Honorable Chief Justice Durham
Scott M. Matheson Courthouse
450 S State Street
P.O. Box 140241
SLC, UT 84114

Re: Alabama v. Shelton

Dear Chief Judge Durham:

We write to bring to your attention the United States Supreme Court decision in Alabama v. Shelton, 122 U.S. 1764 (May 20, 2002) (LEXIS, Genfed library). That decision holds that a court cannot constitutionally impose a suspended jail sentence or any other type of sentence containing a threat of future incarceration upon a misdemeanor defendant who was not afforded the right to counsel. Since we believe many Utah misdemeanor defendants are currently serving jail sentences that have become null and void as a result of Shelton, we are writing you, along with the Chief Judge of every other district court in Utah, to request that you immediately identify and order the release of all such persons whom the courts in your judicial circuit have committed to jail. We are also writing to emphasize that Shelton prohibits imposition of any incarceration on any person whose probation is revoked if that person was not represented by counsel at trial or plea. We request that you disseminate this information to the judges in your circuit.

The Supreme Court’s holding in Shelton is unambiguous: "We hold that a suspended sentence that may ‘end up in the actual deprivation of a person’s liberty’ may not be imposed unless the defendant was accorded ‘the guiding hand of counsel’ in the prosecution for the crime charged." Shelton, id. at 2 (quoting Argersinger v. Hamlin, 407 U.S. 25, 40 (1972)). As the Court later elaborated: "Deprived of counsel when tried, convicted and sentenced, and unable to challenge the original judgment at a subsequent probation revocation hearing, a defendant in Shelton’s circumstances faces incarceration on a conviction that has never been subjected to `the crucible of meaningful adversarial testing.” The Sixth Amendment does not countenance this result." Shelton, id. at 25 (quoting United States v. Cronic, 466 U.S. 648, 656 (1984)).

The Shelton decision unquestionably invalidates a practice that was common in Alabama and several other states, including Utah. See Layton City v. Longcrier, 943 P.2d 655, 658 (Utah Ct.App.), cert. denied, 953 P.2d 449 (Utah 1997), and cert. denied, 523 U.S. 1125, 118 S. Ct 1811, 140 L.Ed.2d 949 (1998); West Valley City v. Sellers, 1999 UT App 254, 254 (Utah Ct.App. 1999); West Valley City v. McDonald, 948 P.2d 371, 374 (Utah Ct.App. 1997).

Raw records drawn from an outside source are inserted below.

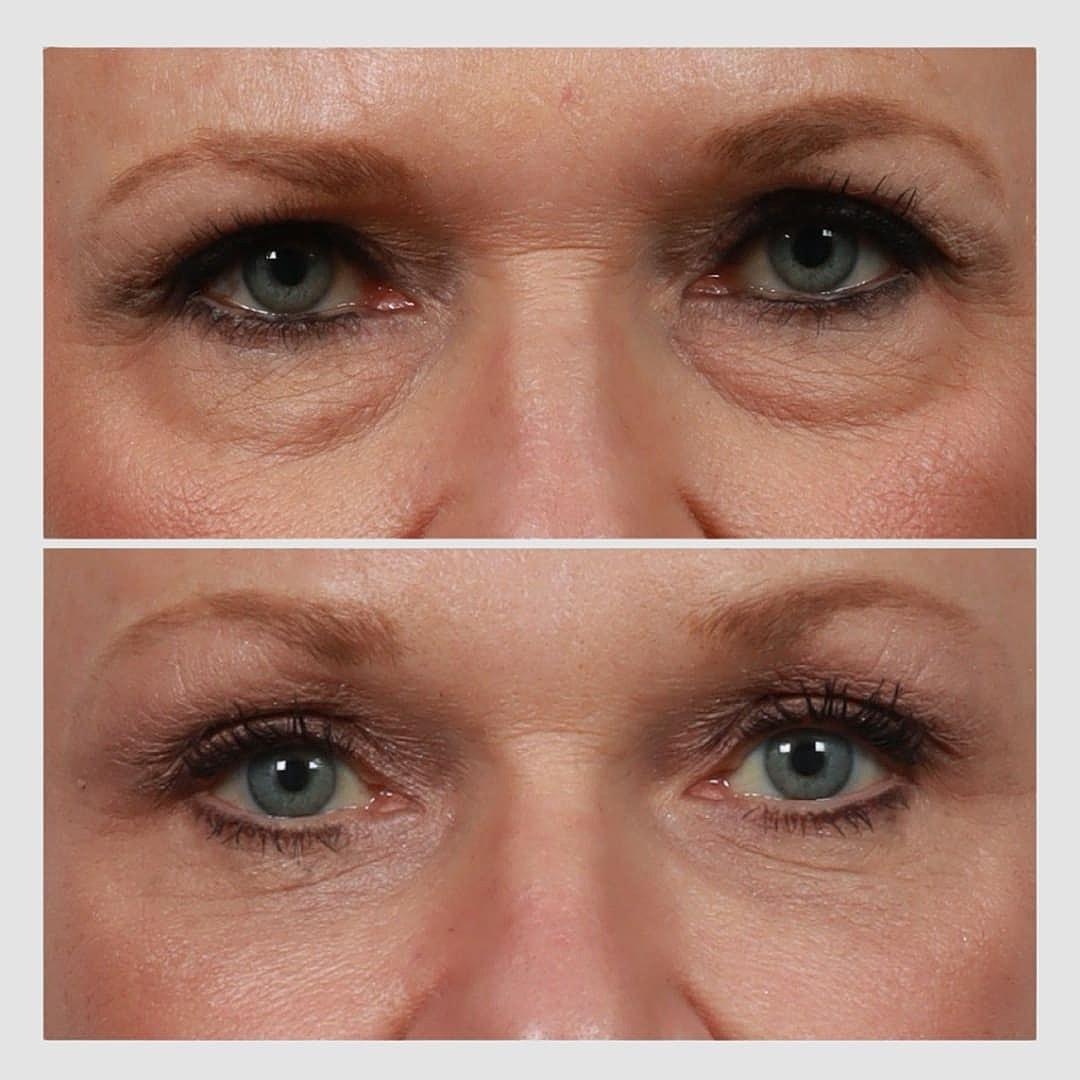 Locketz Facial Plastic Surgery eyelid lift result — Centennial, CO
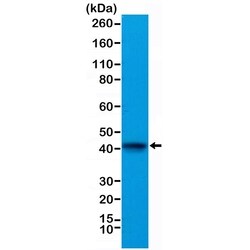 Invitrogen alpha-Cardiac Actin Recombinant Rabbit Monoclonal Antibody (RM257)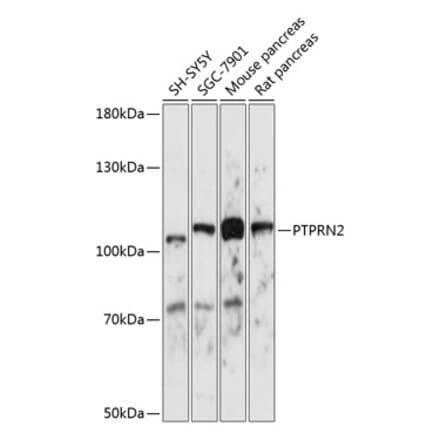 Western Blot - Anti-PTPRN2 Antibody (A87911) - Antibodies.com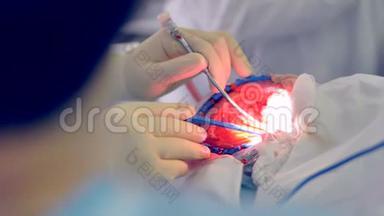 手在外科手套中使用消毒设备进行手术。 4K.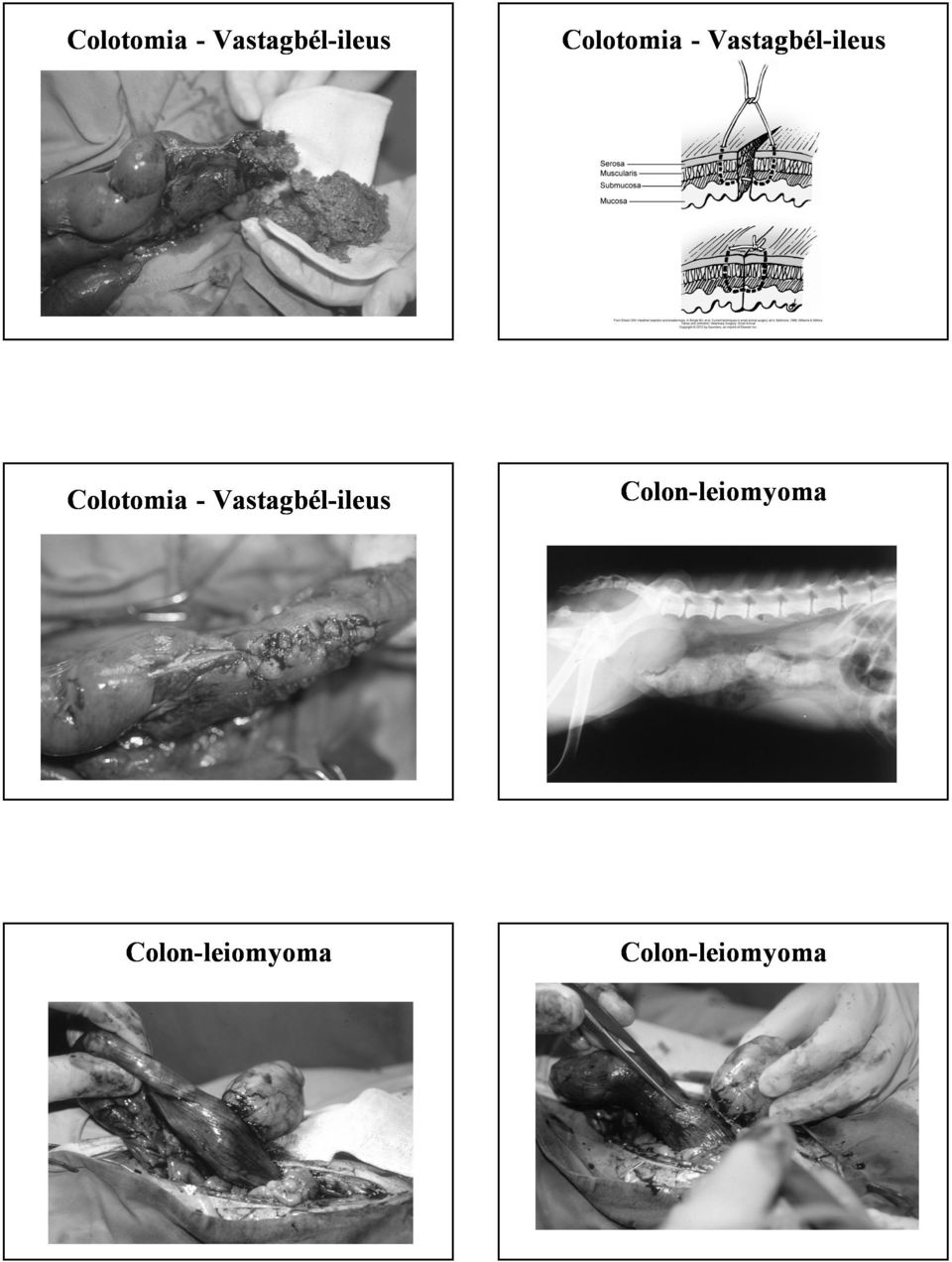 Colon--leiomyoma Colon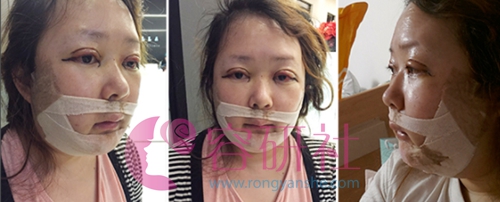 韩国灰姑娘整形医院轮廓手术术后第一天
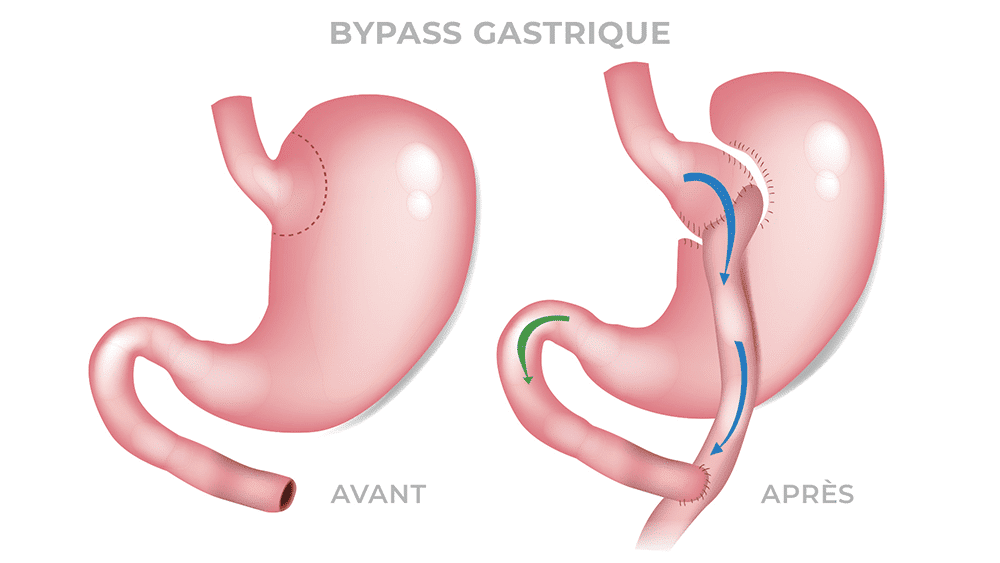 Bypass gastrique au Maroc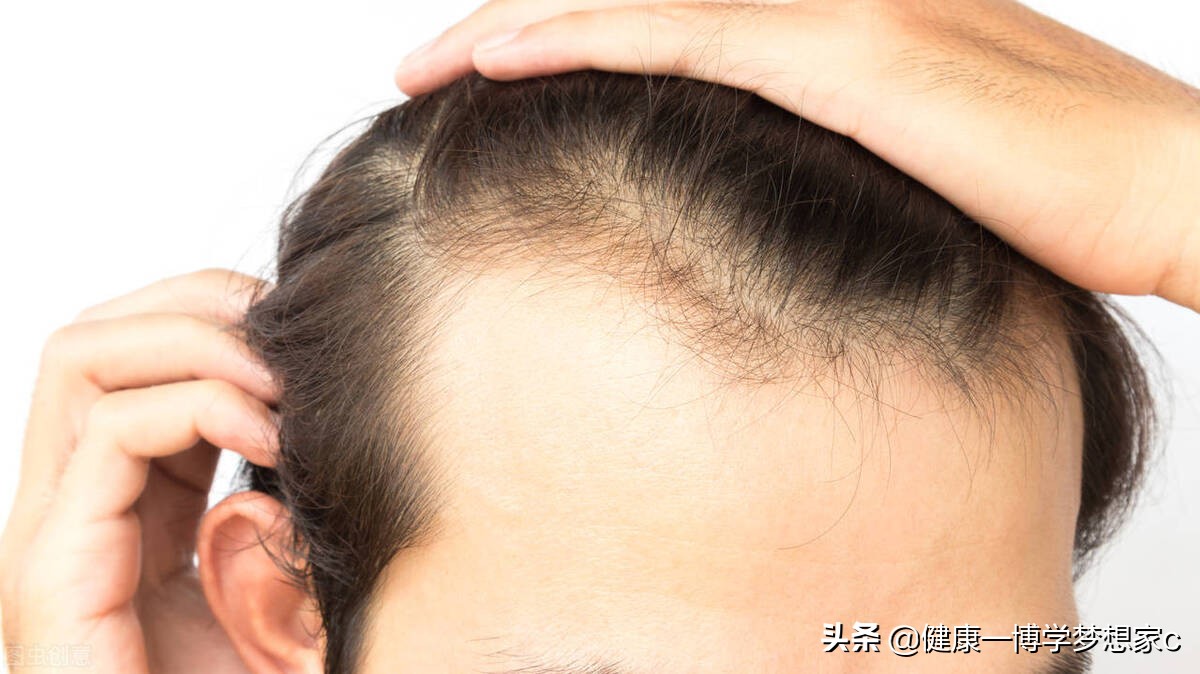 用了六个月米诺没效果,用米诺地尔酊6个月还掉发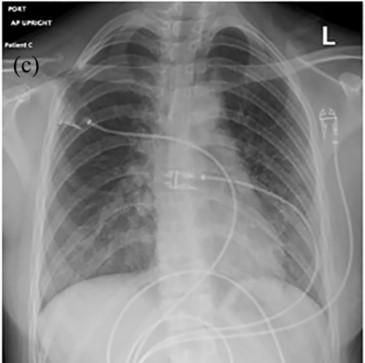 Chest X-ray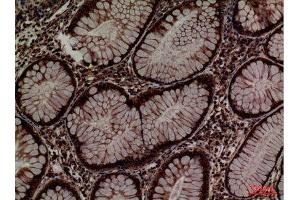 Immunohistochemistry (IHC) image for anti-Protein Disulfide Isomerase Family A, Member 3 (PDIA3) (Internal Region) antibody (ABIN6280937)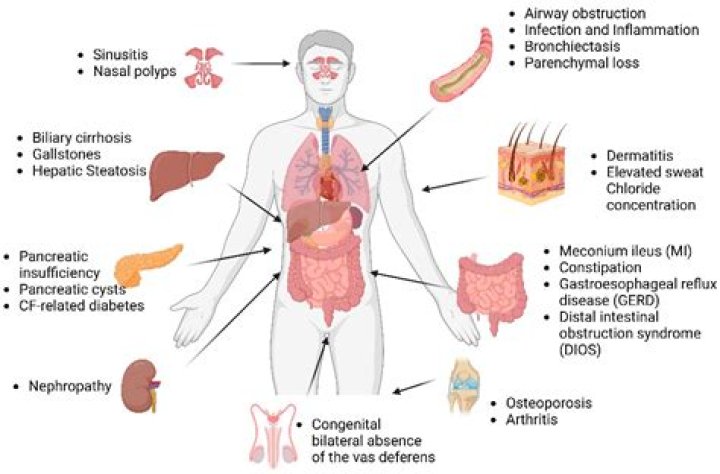 What organ is affected by nausea?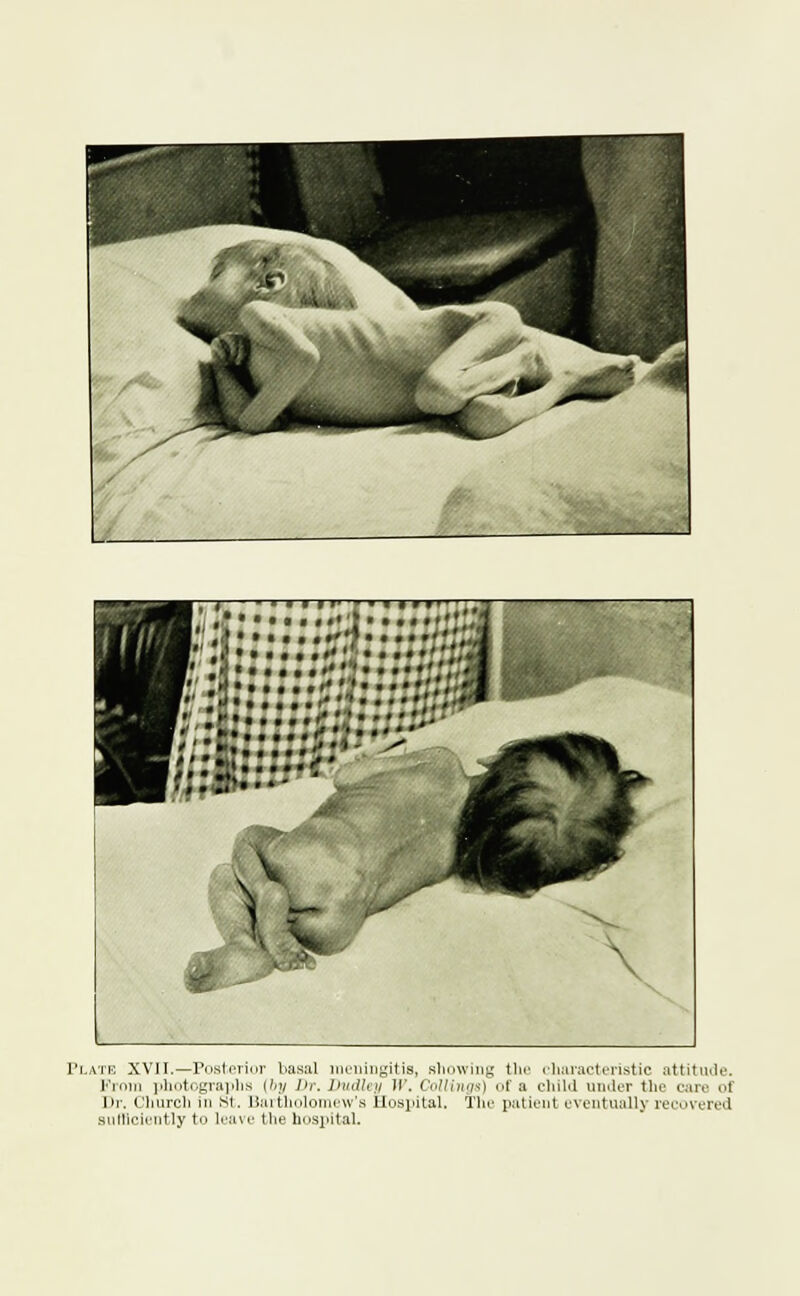 • ••••• «♦'? >IIMl' \ V S Plate XVII.—Posterior basal meningitis, showing the characteristic attitude. From photographs (by Dr. Dudley If. Collings) of a child under the care of Dr. Church in St. Bartholomew's Hospital. The patient eventually recovered sufficiently to leave the hospital.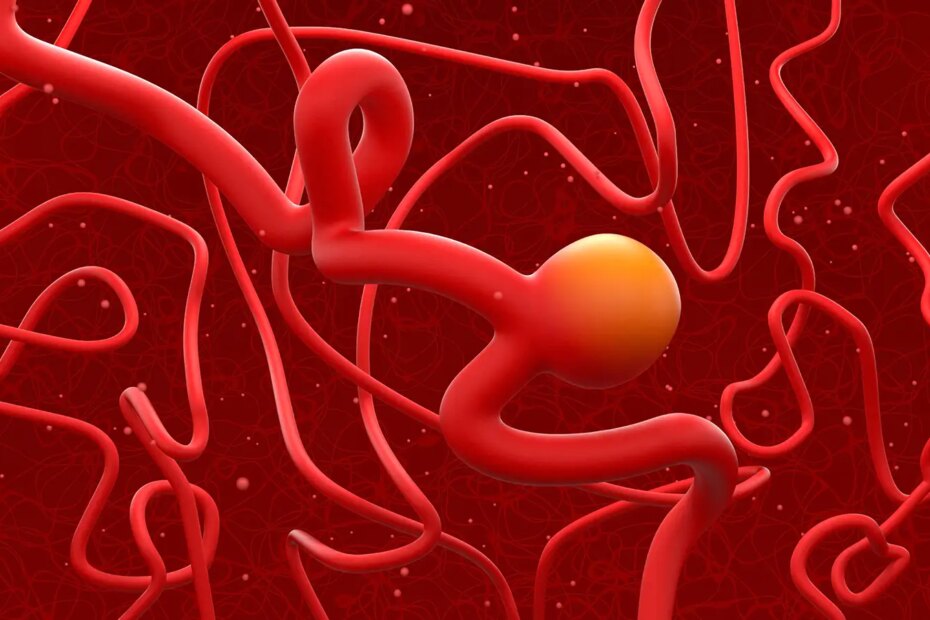A computer rendering of a cerebral aneurysm.
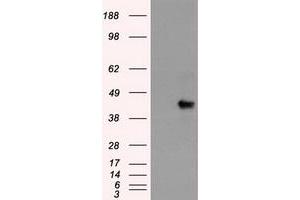 HEK293T cells were transfected with the pCMV6-ENTRY control (Left lane) or pCMV6-ENTRY SOX17 (Right lane) cDNA for 48 hrs and lysed. (SOX17 Antikörper  (AA 177-414))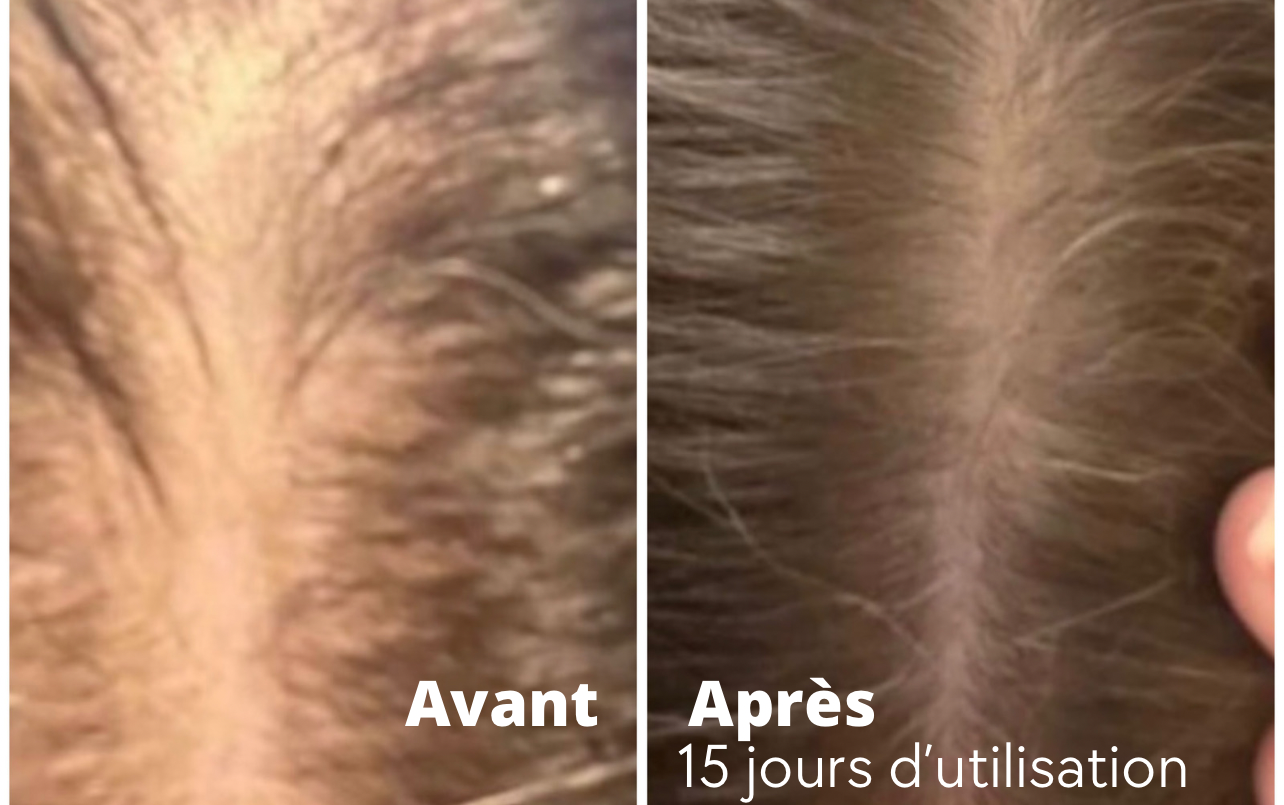 Bpousse Originale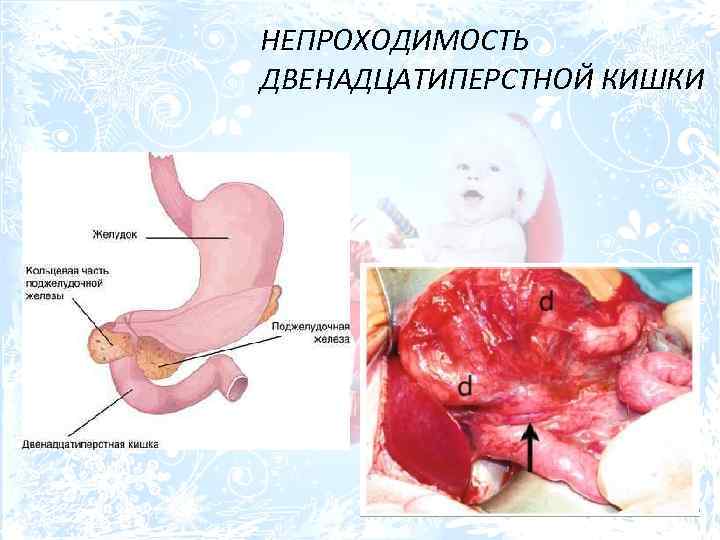 НЕПРОХОДИМОСТЬ ДВЕНАДЦАТИПЕРСТНОЙ КИШКИ 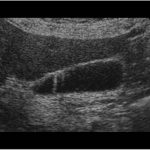 Gb Adenomyaosis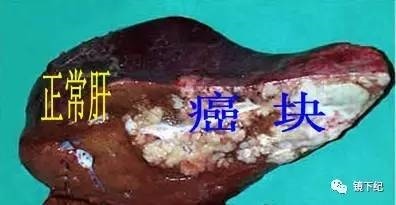 2、谁能救救我爸，我爸刚被查出来肝癌晚期，医生说现在**的方法就是，但是只能有几个月的生命了，我不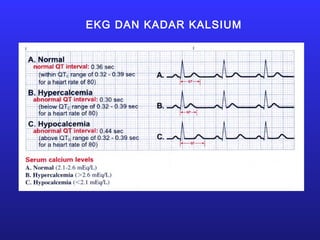 EKG DAN KADAR KALSIUM
 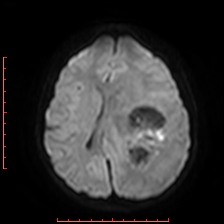 Astroblastoma (Radiopaedia 74287-85162 Axial DWI 65).jpg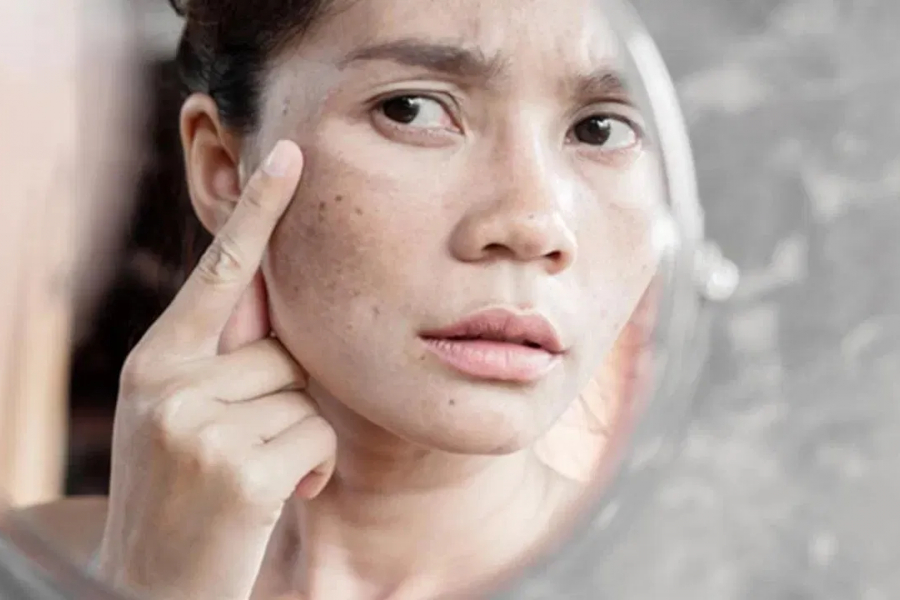 Is your skin losing its glow due to hypothyroidism? Here's an easy way to restore your appearance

It is clear from Shelton, therefore, that any person who is currently in jail on the basis of a probation violation stemming from an uncounseled misdemeanor conviction without a valid waiver of counsel is being held unconstitutionally because the potentially incarcerative portion of his or her misdemeanor sentence is null and void. See Shelton, id. at 12 (affirming Alabama Supreme Court’s conclusion that "because the State in constitutionally barred from activating the conditional sentence, `the threat itself is hollow and should be considered a nullity.”"). The continued unjustified incarceration of such persons after Shelton could well result in civil liability and injunctive relief against the governmental authorities responsible for continuing the incarceration after the United States Supreme Court held it to be unconstitutional.

Therefore, we respectfully request that you identify and immediately order the release of any person you have committed to jail who satisfies all of the following criteria: (1) he or she was convicted of a misdemeanor, whether by plea or by trial; (2) he or she was not represented by counsel; (3) he or she did not make a knowing, voluntary, and understanding waiver of the right to counsel on the record, (1) State v. Drobel, 815 P.2d 724 (Ut. App.Ct. 1991); and (4) he or she is now in jail as a result of, inter alia, violation of probation or any other condition of his or her sentence (e.g., payment of a fine, performing community service, etc.). Shelton makes clear that any portion of such a person’s sentence that could result in future imprisonment is invalid per se and must be vacated. Therefore, we further request that in the future the courts in your circuit refrain from revoking and sending to prison persons who did not have the benefit of counsel at their trial or arraignment and plea.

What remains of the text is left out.